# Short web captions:
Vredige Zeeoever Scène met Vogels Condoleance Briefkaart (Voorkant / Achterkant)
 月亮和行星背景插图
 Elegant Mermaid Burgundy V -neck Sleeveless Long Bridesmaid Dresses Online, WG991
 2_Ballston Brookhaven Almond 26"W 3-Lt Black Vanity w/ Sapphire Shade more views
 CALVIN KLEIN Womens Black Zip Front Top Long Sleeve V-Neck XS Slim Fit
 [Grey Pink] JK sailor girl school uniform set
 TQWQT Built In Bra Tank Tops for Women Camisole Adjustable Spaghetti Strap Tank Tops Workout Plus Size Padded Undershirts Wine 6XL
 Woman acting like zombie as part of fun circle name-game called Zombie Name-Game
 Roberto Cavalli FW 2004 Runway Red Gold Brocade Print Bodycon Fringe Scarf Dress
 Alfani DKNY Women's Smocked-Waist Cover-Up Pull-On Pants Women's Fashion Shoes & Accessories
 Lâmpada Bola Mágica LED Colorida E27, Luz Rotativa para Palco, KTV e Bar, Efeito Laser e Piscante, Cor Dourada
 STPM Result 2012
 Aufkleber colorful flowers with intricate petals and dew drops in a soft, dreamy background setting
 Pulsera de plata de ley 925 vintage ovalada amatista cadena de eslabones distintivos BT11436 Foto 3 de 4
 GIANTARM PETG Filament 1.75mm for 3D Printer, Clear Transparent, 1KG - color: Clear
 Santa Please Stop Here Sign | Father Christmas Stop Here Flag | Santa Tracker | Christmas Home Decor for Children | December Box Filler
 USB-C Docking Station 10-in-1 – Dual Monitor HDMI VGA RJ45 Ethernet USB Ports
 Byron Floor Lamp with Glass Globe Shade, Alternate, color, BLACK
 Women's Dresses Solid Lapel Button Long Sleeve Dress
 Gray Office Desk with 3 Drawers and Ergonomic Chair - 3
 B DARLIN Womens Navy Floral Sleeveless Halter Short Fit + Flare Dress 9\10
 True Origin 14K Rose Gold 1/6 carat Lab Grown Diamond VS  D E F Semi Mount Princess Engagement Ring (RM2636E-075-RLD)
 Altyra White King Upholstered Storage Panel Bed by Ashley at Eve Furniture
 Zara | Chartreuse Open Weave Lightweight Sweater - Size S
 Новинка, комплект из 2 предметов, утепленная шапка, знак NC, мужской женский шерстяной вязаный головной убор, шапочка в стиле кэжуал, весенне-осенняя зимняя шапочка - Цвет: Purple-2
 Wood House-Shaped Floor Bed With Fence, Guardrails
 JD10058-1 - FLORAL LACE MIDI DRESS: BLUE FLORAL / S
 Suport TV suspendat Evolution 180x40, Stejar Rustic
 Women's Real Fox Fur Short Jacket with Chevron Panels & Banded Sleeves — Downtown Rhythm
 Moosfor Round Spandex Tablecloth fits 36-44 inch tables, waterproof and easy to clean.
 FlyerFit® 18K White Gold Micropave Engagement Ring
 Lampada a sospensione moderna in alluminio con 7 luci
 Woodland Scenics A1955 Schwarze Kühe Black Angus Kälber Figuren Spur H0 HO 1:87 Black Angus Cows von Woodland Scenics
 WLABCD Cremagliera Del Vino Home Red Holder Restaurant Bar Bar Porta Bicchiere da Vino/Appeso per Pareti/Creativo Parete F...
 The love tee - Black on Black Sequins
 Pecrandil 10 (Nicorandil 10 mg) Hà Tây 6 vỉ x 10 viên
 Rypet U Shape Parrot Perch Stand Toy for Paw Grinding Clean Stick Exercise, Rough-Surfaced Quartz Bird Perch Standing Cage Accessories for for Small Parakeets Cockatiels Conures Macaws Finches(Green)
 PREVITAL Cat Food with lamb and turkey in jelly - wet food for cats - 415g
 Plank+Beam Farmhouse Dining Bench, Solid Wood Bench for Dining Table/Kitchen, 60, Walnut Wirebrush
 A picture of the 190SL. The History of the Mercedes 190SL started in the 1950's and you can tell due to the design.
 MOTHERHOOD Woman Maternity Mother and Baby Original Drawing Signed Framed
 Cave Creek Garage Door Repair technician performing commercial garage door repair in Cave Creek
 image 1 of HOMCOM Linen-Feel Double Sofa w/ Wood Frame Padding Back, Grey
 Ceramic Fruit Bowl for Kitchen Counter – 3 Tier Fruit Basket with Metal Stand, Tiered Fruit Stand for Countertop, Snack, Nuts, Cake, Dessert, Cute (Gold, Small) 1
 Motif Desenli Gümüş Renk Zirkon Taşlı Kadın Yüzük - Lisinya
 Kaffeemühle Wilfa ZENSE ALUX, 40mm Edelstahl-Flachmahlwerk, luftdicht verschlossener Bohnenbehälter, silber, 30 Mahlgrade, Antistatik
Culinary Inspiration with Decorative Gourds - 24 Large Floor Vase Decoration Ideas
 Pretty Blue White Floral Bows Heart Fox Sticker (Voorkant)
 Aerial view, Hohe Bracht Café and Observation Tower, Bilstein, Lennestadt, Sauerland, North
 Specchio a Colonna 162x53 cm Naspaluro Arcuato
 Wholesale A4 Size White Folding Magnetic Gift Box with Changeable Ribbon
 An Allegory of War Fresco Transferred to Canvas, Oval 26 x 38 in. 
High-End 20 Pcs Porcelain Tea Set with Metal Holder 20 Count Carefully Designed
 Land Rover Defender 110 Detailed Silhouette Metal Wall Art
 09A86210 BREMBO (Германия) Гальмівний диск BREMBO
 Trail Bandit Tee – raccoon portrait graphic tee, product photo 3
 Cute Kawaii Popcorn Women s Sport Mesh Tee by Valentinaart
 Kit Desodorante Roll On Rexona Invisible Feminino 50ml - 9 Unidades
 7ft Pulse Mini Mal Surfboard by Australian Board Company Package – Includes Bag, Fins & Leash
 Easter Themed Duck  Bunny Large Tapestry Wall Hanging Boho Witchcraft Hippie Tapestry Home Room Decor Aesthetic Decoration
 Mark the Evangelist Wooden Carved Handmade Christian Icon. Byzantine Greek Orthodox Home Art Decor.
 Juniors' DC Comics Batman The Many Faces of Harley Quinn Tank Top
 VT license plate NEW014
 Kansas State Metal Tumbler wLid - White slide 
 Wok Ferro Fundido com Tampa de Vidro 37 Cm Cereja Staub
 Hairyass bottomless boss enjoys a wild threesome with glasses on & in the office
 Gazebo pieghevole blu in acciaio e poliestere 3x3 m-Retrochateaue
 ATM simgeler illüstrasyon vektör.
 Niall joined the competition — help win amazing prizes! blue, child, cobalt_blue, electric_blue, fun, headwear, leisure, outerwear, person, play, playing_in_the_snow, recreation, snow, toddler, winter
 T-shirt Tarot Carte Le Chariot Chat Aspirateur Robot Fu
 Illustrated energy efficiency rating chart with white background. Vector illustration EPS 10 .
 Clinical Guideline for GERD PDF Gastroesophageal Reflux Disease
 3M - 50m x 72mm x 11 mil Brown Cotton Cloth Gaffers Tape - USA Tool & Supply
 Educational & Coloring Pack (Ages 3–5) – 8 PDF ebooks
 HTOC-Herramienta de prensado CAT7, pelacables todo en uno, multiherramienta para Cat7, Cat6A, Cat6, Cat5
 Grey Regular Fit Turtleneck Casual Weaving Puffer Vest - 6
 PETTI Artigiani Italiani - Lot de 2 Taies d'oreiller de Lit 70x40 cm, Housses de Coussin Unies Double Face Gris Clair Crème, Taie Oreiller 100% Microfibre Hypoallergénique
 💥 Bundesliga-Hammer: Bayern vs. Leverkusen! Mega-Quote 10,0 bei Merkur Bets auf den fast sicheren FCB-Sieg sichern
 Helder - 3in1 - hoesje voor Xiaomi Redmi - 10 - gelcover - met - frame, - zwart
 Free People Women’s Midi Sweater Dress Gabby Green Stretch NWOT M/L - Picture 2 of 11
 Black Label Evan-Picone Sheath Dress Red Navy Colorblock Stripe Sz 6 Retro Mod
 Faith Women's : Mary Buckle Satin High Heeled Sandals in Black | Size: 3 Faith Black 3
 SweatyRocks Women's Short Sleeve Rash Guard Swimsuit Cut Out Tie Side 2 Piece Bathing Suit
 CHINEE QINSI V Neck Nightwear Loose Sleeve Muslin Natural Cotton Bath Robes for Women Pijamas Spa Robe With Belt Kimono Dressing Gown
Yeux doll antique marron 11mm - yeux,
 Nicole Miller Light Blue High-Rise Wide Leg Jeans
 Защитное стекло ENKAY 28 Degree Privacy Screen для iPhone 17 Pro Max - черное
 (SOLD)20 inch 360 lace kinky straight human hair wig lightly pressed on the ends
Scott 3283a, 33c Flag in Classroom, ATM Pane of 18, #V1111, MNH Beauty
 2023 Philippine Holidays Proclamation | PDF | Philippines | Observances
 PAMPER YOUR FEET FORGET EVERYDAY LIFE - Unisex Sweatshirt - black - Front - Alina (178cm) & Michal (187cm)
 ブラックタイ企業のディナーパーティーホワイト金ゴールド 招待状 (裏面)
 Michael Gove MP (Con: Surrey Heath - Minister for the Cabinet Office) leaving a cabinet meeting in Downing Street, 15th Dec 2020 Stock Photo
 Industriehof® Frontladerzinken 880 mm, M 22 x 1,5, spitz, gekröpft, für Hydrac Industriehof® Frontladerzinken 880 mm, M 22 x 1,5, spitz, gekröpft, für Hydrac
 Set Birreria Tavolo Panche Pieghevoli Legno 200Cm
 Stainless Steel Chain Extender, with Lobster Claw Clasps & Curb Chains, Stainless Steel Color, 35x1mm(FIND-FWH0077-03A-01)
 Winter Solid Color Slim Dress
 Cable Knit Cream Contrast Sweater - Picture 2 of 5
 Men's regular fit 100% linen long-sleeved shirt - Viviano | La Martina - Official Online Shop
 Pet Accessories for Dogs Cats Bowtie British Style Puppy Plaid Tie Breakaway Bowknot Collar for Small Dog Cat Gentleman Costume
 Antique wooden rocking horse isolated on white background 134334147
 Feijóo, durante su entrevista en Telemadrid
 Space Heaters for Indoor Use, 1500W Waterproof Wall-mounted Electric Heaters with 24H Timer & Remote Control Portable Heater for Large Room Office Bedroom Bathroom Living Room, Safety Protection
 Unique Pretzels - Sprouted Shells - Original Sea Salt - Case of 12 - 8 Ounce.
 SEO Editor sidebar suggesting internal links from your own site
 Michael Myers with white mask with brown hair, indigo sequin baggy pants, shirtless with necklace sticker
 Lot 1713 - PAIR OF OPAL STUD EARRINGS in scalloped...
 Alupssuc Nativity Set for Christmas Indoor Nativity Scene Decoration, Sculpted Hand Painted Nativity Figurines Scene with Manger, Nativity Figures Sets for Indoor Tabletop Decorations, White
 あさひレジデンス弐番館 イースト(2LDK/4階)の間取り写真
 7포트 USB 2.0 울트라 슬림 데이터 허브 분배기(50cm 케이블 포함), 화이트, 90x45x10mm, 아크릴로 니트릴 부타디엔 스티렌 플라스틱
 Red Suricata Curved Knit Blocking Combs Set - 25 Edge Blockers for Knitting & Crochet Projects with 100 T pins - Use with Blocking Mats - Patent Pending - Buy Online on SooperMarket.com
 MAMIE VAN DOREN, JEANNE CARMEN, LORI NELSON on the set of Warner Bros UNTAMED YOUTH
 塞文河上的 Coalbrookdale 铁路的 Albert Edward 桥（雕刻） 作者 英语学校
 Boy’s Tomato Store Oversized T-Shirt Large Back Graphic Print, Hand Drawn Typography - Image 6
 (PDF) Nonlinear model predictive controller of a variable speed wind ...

# TASK TO CARRY OUT:
Above are the entries. Quote exactly the lines from the one bearing "Land Rover Defender" through the one bearing "sicheren FCB-Sieg sichern".

# SOLUTION FOR THIS PROBLEM:
 Land Rover Defender 110 Detailed Silhouette Metal Wall Art
 09A86210 BREMBO (Германия) Гальмівний диск BREMBO
 Trail Bandit Tee – raccoon portrait graphic tee, product photo 3
 Cute Kawaii Popcorn Women s Sport Mesh Tee by Valentinaart
 Kit Desodorante Roll On Rexona Invisible Feminino 50ml - 9 Unidades
 7ft Pulse Mini Mal Surfboard by Australian Board Company Package – Includes Bag, Fins & Leash
 Easter Themed Duck  Bunny Large Tapestry Wall Hanging Boho Witchcraft Hippie Tapestry Home Room Decor Aesthetic Decoration
 Mark the Evangelist Wooden Carved Handmade Christian Icon. Byzantine Greek Orthodox Home Art Decor.
 Juniors' DC Comics Batman The Many Faces of Harley Quinn Tank Top
 VT license plate NEW014
 Kansas State Metal Tumbler wLid - White slide 
 Wok Ferro Fundido com Tampa de Vidro 37 Cm Cereja Staub
 Hairyass bottomless boss enjoys a wild threesome with glasses on & in the office
 Gazebo pieghevole blu in acciaio e poliestere 3x3 m-Retrochateaue
 ATM simgeler illüstrasyon vektör.
 Niall joined the competition — help win amazing prizes! blue, child, cobalt_blue, electric_blue, fun, headwear, leisure, outerwear, person, play, playing_in_the_snow, recreation, snow, toddler, winter
 T-shirt Tarot Carte Le Chariot Chat Aspirateur Robot Fu
 Illustrated energy efficiency rating chart with white background. Vector illustration EPS 10 .
 Clinical Guideline for GERD PDF Gastroesophageal Reflux Disease
 3M - 50m x 72mm x 11 mil Brown Cotton Cloth Gaffers Tape - USA Tool & Supply
 Educational & Coloring Pack (Ages 3–5) – 8 PDF ebooks
 HTOC-Herramienta de prensado CAT7, pelacables todo en uno, multiherramienta para Cat7, Cat6A, Cat6, Cat5
 Grey Regular Fit Turtleneck Casual Weaving Puffer Vest - 6
 PETTI Artigiani Italiani - Lot de 2 Taies d'oreiller de Lit 70x40 cm, Housses de Coussin Unies Double Face Gris Clair Crème, Taie Oreiller 100% Microfibre Hypoallergénique
 💥 Bundesliga-Hammer: Bayern vs. Leverkusen! Mega-Quote 10,0 bei Merkur Bets auf den fast sicheren FCB-Sieg sichern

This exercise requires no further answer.